Beijing Stomatological Hospital, Capital Medical University, Beijing 100050, China.
Biomed Res Int. 2021 Apr 1;2021:6657767. doi: 10.1155/2021/6657767. eCollection 2021.
Oral squamous cell carcinoma (OSCC) is the most common oral cancer and has a poor prognosis. We aimed to identify new biomarkers or potential therapeutic targets for OSCC.
Four pairs of tumor and adjacent normal tissues were collected from OSCC patients, and differentially expressed genes (DEGs) were screened via high-throughput RNA sequencing (RNA-seq). Gene Ontology (GO) and Kyoto Encyclopedia of Genes and Genomes (KEGG) pathway enrichment analyses were used to analyze the DEGs. A protein-protein interaction (PPI) network was established with the Search Tool for the Retrieval of Interacting Genes/Proteins (STRING) database and Cytoscape, and two significant clusters were found. Candidate genes were screened by analyzing head and neck squamous cell carcinoma (HNSCC) data from The Cancer Genome Atlas (TCGA). A DEG-based risk model was established to predict the overall survival (OS) of OSCC patients via Kaplan-Meier analysis and the log-rank test. Furthermore, univariate Cox regression analysis was applied to assess associations between potential biomarkers and the overall survival rate.
Of 720 total DEGs, fifty-two DEGs in the two subclusters of the PPI network analysis were selected. A risk model was established, and five candidate genes (SPRR2E, ICOS, CTLA4, HTR1D, and CCR4) were identified as biomarkers of OS in OSCC patients.

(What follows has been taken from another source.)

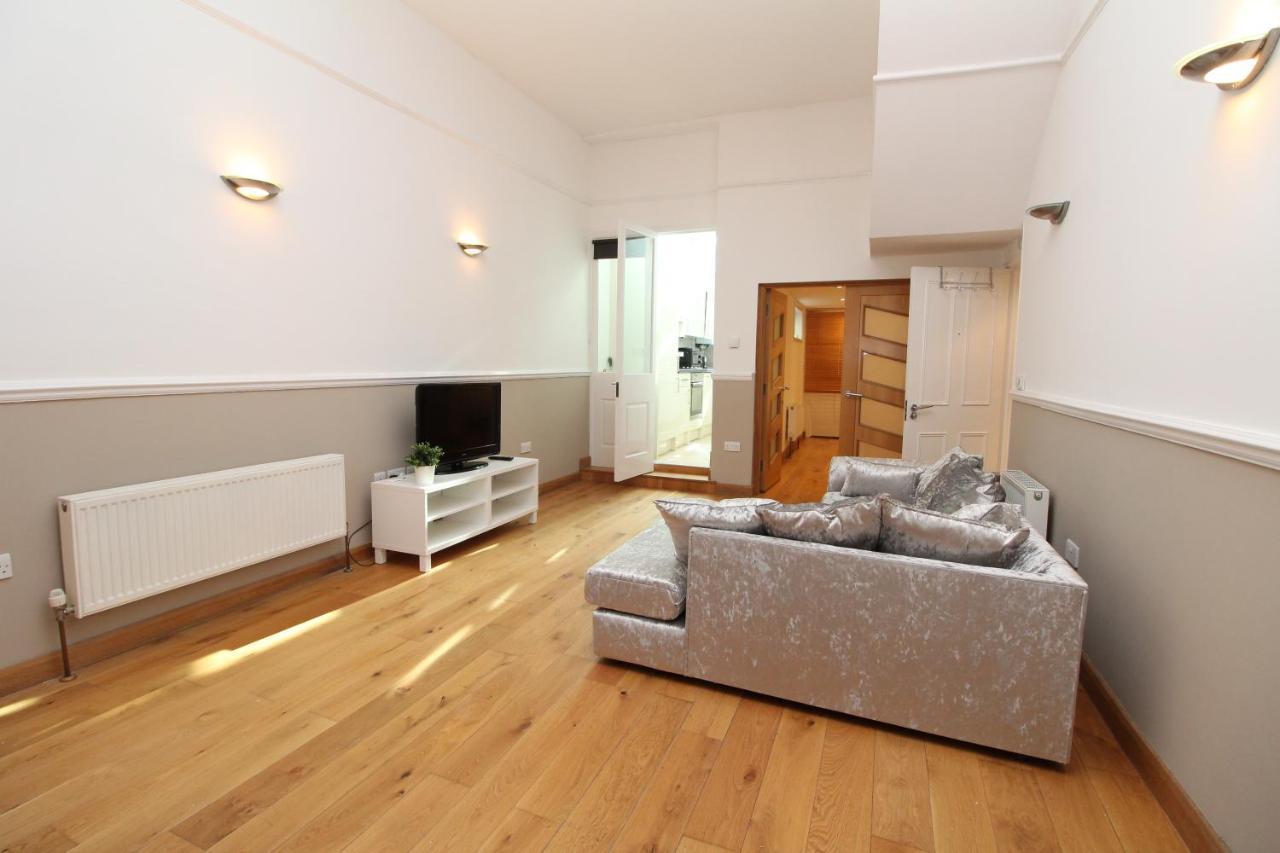 Appartement Stunning 2 Bed Flat In Fulham Londen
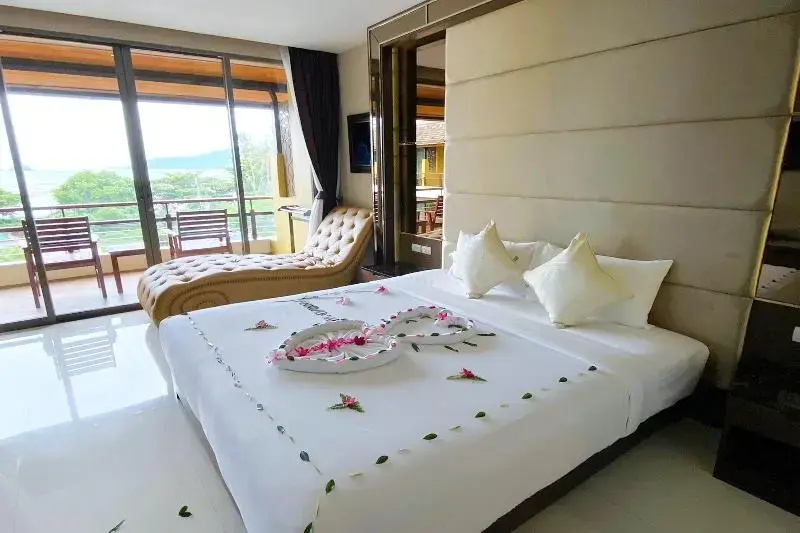 Executive Double room (full double bed)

We successfully constructed a prognostic signature to predict prognosis and identified five candidate genes associated with the OS of OSCC patients that are potential tumor biomarkers and targets in OSCC.
口腔鳞状细胞癌(OSCC)是最常见的口腔癌,预后较差。本研究旨在寻找 OSCC 的新生物标志物或潜在治疗靶点。
从 OSCC 患者中收集了四对肿瘤和相邻正常组织,并通过高通量 RNA 测序(RNA-seq)筛选差异表达基因(DEGs)。采用基因本体论(GO)和京都基因与基因组百科全书(KEGG)通路富集分析对 DEGs 进行分析。利用 Search Tool for the Retrieval of Interacting Genes/Proteins(STRING)数据库和 Cytoscape 构建蛋白质-蛋白质相互作用(PPI)网络,并发现了两个显著的聚类。通过分析癌症基因组图谱(TCGA)中的头颈部鳞状细胞癌(HNSCC)数据筛选候选基因。通过 Kaplan-Meier 分析和对数秩检验,基于 DEG 的风险模型来预测 OSCC 患者的总生存期(OS)。此外,还应用单因素 Cox 回归分析评估了潜在生物标志物与总生存率之间的相关性。
在总共 720 个 DEGs 中,在 PPI 网络分析的两个子群中选择了 52 个 DEGs。构建了风险模型,并确定了五个候选基因(SPRR2E、ICOS、CTLA4、HTR1D 和 CCR4)作为 OSCC 患者 OS 的生物标志物。
我们成功构建了一个预测预后的风险模型,并确定了五个与 OSCC 患者 OS 相关的候选基因,它们可能是 OSCC 的潜在肿瘤生物标志物和治疗靶点。